Figure A.1: Here we depict, by behavior category, the one-shot performance of the trained NPMP. Note that relative performance happens if an expert is imperfect and the one-shot imitation is effectively denoised.

Appendix D Instructed warehouse task details

The warehouse task encourages moving a box from one pedestal to another, and repeating this process. The environment consists of a flat ground with four pedestals and two boxes that can be moved freely (note that we varied the number of boxes and pedestals as well, not reported in this paper, and results were similar). The humanoid walker can be controlled by an agent. The distance of each pedestal from the origin is individually drawn from a uniform distribution between 2.5 and 3.5 meters, and the pedestals are at equispaced angles around the origin. The height of each pedestal is set randomly from between 0.45 and 0.75 meters. The size of each box is taken from one of our motion capture trajectories, but with a random multiplicative variation of between 0.75 and 1.25 applied. The mass of each box is also individually drawn from a uniform distribution between 2kg and 7kg (the real boxes were either 3kg or 10kg). The size and mass of each box is not provided as an observation to the agent.
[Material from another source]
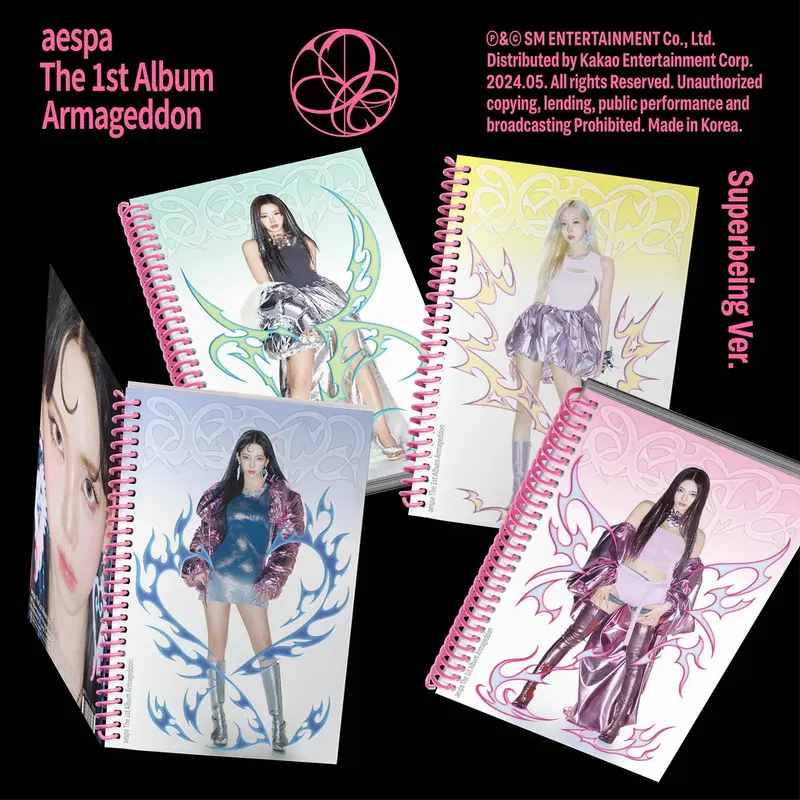AESPA - 1ST ALBUM [Armageddon] Superbeing Ver. image 1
This task can be logically divided into four phases: walk empty-handed to a pedestal (GOTO), lifting the box from a pedestal (LIFT), carrying the box to a different pedestal (CARRY), and putting it down on the target pedestal (PUTDOWN). In our current work, we provide the agent with an observation that tells it which of these four phases it should be pursuing at a given timestep, as a one-hot vector. The position of the focal pedestal and focal box relative to the walker is also provided as observations, where the focal box is the box that needs to be moved, and the focal pedestal is dependent on the phase of the task: in GOTO and LIFT it is the pedestal on which the box is initially placed, while in CARRY and PUTDOWN it is the target pedestal.

Each of the four phases has well-defined success criteria, as detailed in the table below (an empty cell indicates that a particular type of criterion is not used to determine success of a phase):

Phase Walker position Walker/box contact Pedestal/box contact
GOTO within 0.65 meter of focal pedestal
LIFT at least one contact point with each hand zero contact point
CARRY within 0.65 meter of focal pedestal at least one contact point with each hand
PUTDOWN no contact whatsoever at least 4 contact points

At each timestep, the task logic determines whether the agent has successfully completed its current phase. If it has, a reward of 1.0 is given at that timestep only, and the task is advanced to the next phase. The phase transition is determined by a simple state machine

and the task repeats indefinitely up to a final episode duration (15s simulated time), at which point the episode is terminated with bootstrapping. While there is no prespecified maximum score, obtaining an undiscounted return greater than 10 within a 15s episode requires moving through the phases rapidly. Note that the episode is terminated with a failure (no bootstrapping) if either the walker falls (contact between a non-foot geom of the walker and the ground plane) or if a box is dropped (contact between one of the boxes and the ground plane)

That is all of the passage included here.